The schema defines the fields in the index and what type of analysis is applied to them. The current schema your collection is using may be viewed directly via the Schema tab in the Admin UI, or explored dynamicly using the Schema Browser tab.
The best analysis components (tokenization and filtering) for your textual content depends heavily on language. As you can see in the Schema Browser, many of the fields in the example schema are using a fieldType named text_general, which has defaults appropriate for most languages.
If you know your textual content is English, as is the case for the example documents in this tutorial, and you'd like to apply English-specific stemming and stop word removal, as well as split compound words, you can use the text_en_splitting fieldType instead. Go ahead and edit the schema.xml in the solr/example/solr/conf directory, to use the text_en_splitting fieldType for the text and features fields like so:
<field name="features" type="text_en_splitting" indexed="true" stored="true" multiValued="true"/> ... <field name="text" type="text_en_splitting" indexed="true" stored="false" multiValued="true"/>
Stop and restart Solr after making these changes and then re-post all of the example documents using java -jar post.jar *.xml. Now queries like the ones listed below will demonstrate English-specific transformations:
- A search for power-shot can match PowerShot, and adata can match A-DATA by using the WordDelimiterFilter and LowerCaseFilter.
- A search for features:recharging can match Rechargeable using the stemming features of PorterStemFilter.
- A search for "1 gigabyte" can match 1GB, and the commonly misspelled pixima can matches Pixma using the SynonymFilter.
A full description of the analysis components, Analyzers, Tokenizers, and TokenFilters available for use is here.
Analysis Debugging
There is a handy Analysis tab where you can see how a text value is broken down into words by both Index time nad Query time analysis chains for a field or field type. This page shows the resulting tokens after they pass through each filter in the chains.
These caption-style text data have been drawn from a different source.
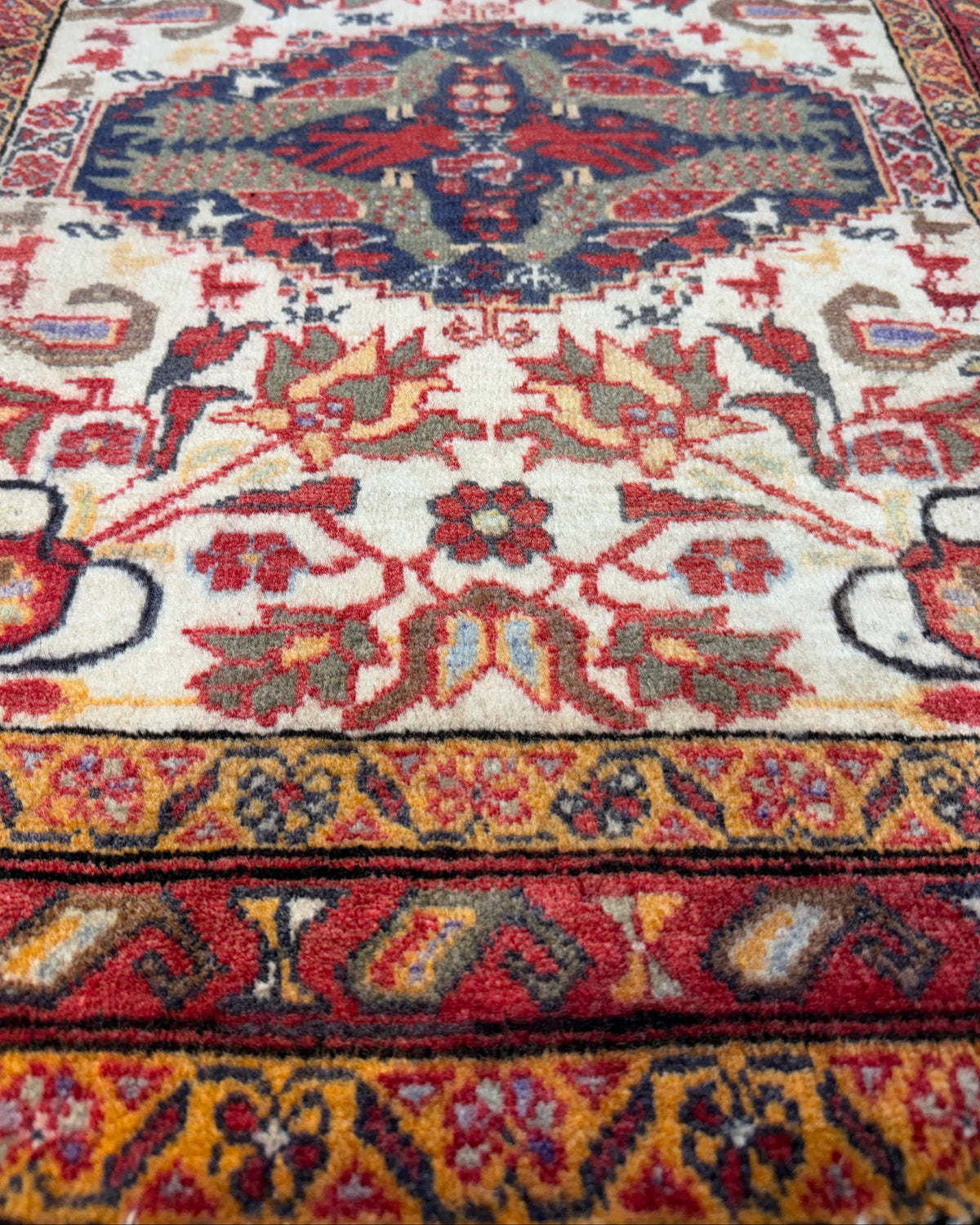 Qassemabad 84x71 cm - scendiletto persiano annodato a mano con motivi geometrici e floreali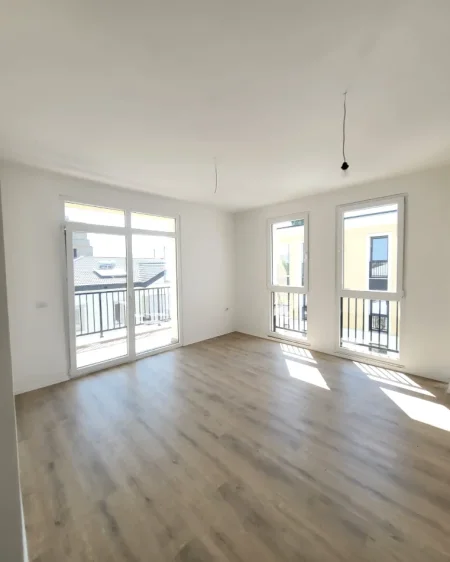 Tirane, shitet apartament 2+1+Ballkon Kati 2, 85 m² 170.320 € (Sauk I Vjeter)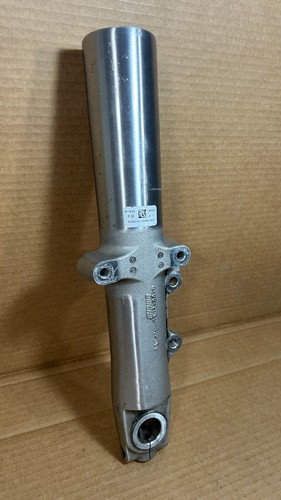 Harley Davidson OEM Trike Lower Right Fork Slider 19-25 RH Tri Glide 45400215 - Picture 8 of 13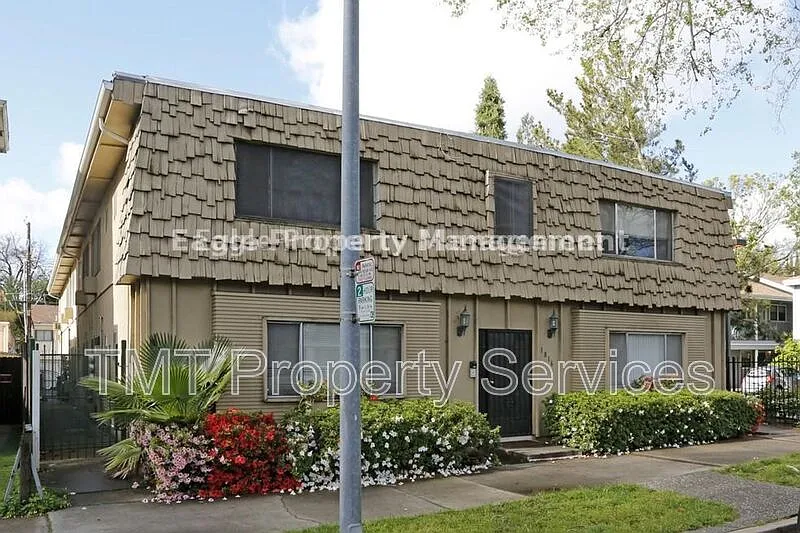 1816 F St #13
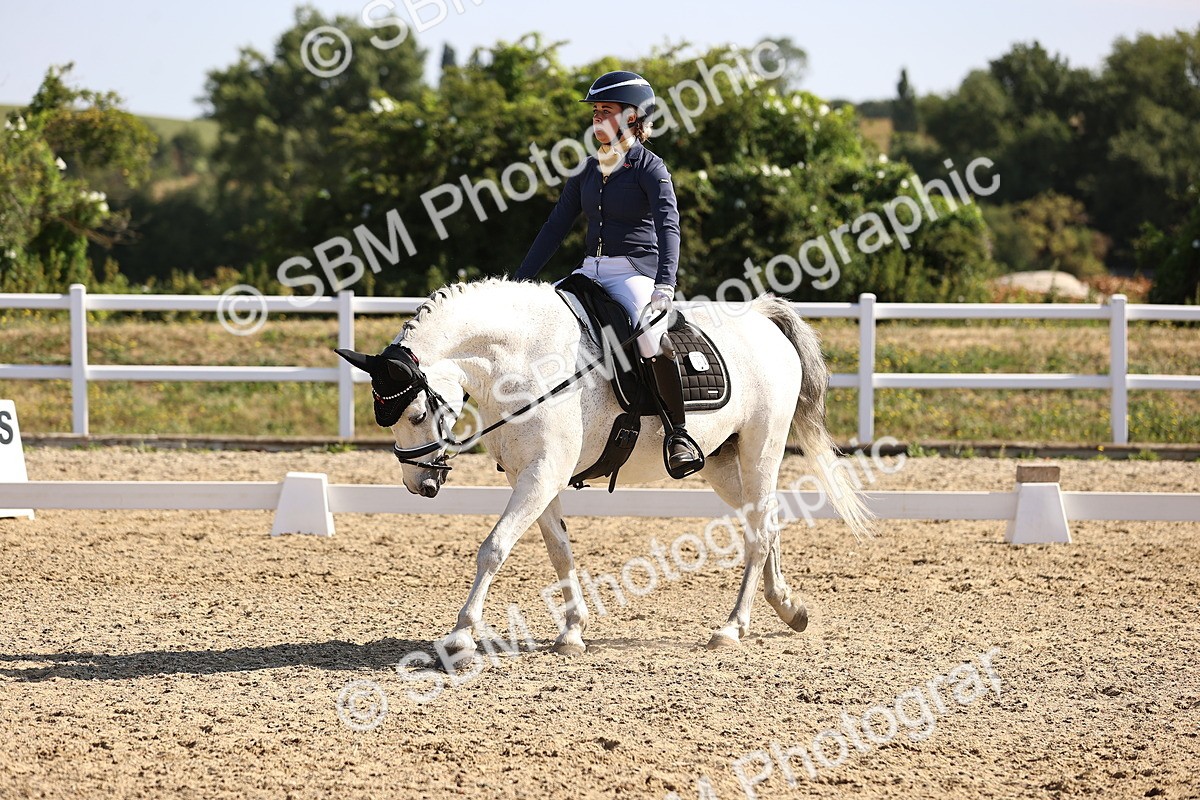 SBM_008738 - Novice 5 - 08.30-9.33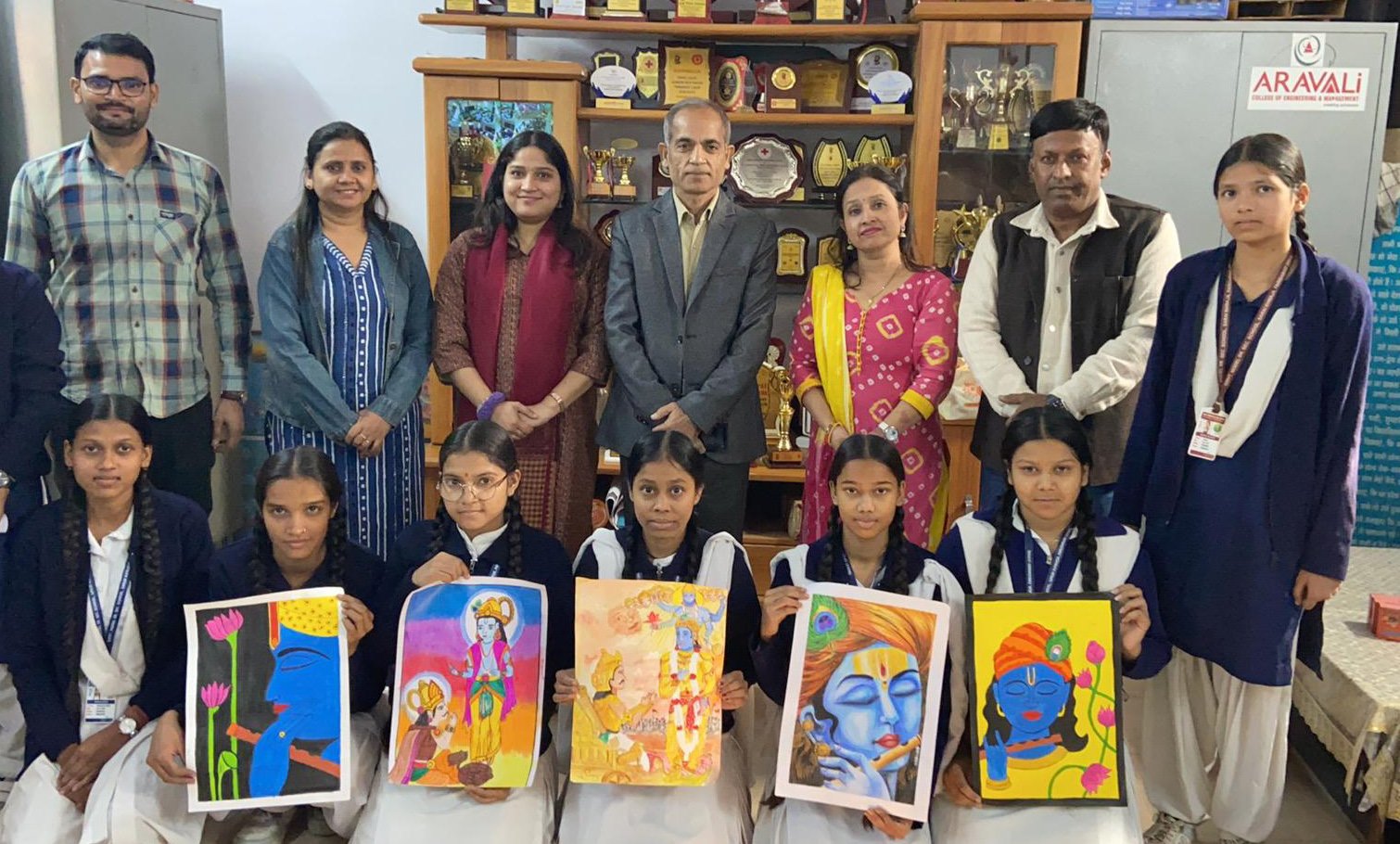 श्रीमद्भगवद्गीता जयंती आधारित पेंटिंग प्रतियोगिता में  खुशबू  प्रथम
This url shows the tokens created from "Canon Power-Shot SD500" using the text_en_splitting type. Each section of the table shows the resulting tokens after having passed through the next TokenFilter in the (Index) analyzer. Notice how both powershot and power, shot are indexed, using tokens that have the same "position". (Compare the previous output with The tokens produced using the text_general field type.)
Mousing over the section label to the left of the section will display the full name of the analyzer component at that stage of the chain. Toggling the "Verbose Output" checkbox will show/hide the detailed token attributes.
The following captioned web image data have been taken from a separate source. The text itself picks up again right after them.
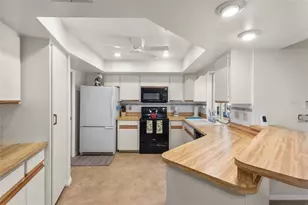 1932 Pebble Beach Ct, Venice, FL 34293 - Photo 11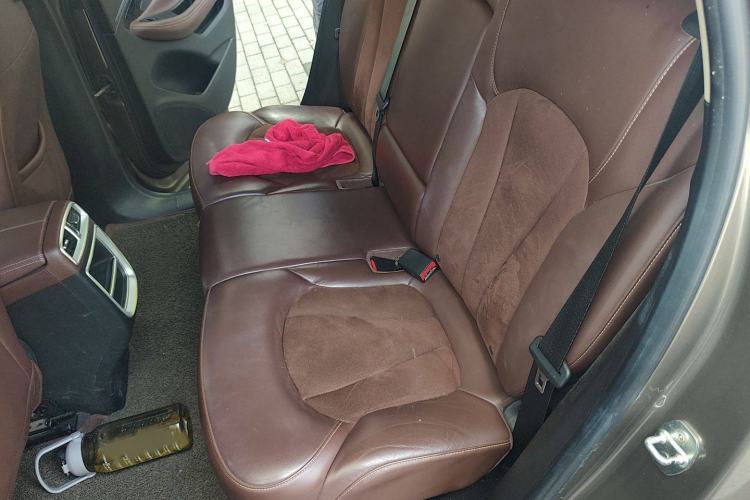 Used Buick Envision 2016 20T Two-Wheel-Drive Elite Model Interior 4
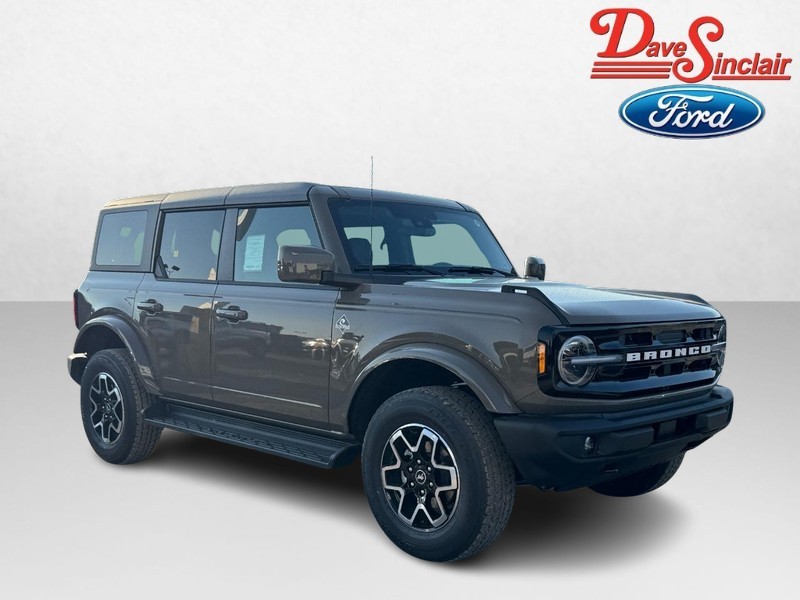 Ford Bronco Vehicle Image 04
When both Index and Query values are provided, two tables will be displayed side by side showing the results of each chain. Terms in the Index chain results that are equivilent to the final terms produced by the Query chain will be highlighted.
Other interesting examples:
- English stemming and stop-words using the text_en field type
- Half-width katakana normalization with bi-graming using the text_cjk field type
- Japanese morphological decomposition with part-of-speech filtering using the text_ja field type
- Arabic stop-words, normalization, and stemming using the text_ar field type
Conclusion
Congratulations! You successfully ran a small Solr instance, added some documents, and made changes to the index and schema. You learned about queries, text analysis, and the Solr admin interface. You're ready to start using Solr on your own project! Continue on with the following steps:
- Subscribe to the Solr mailing lists!
- Make a copy of the Solr example directory as a template for your project.
- Customize the schema and other config in solr/conf/ to meet your needs.
Solr has a ton of other features that we haven't touched on here, including distributed search to handle huge document collections, function queries, numeric field statistics, and search results clustering. Explore the Solr Wiki to find more details about Solr's many features.
Have Fun, and we'll see you on the Solr mailing lists!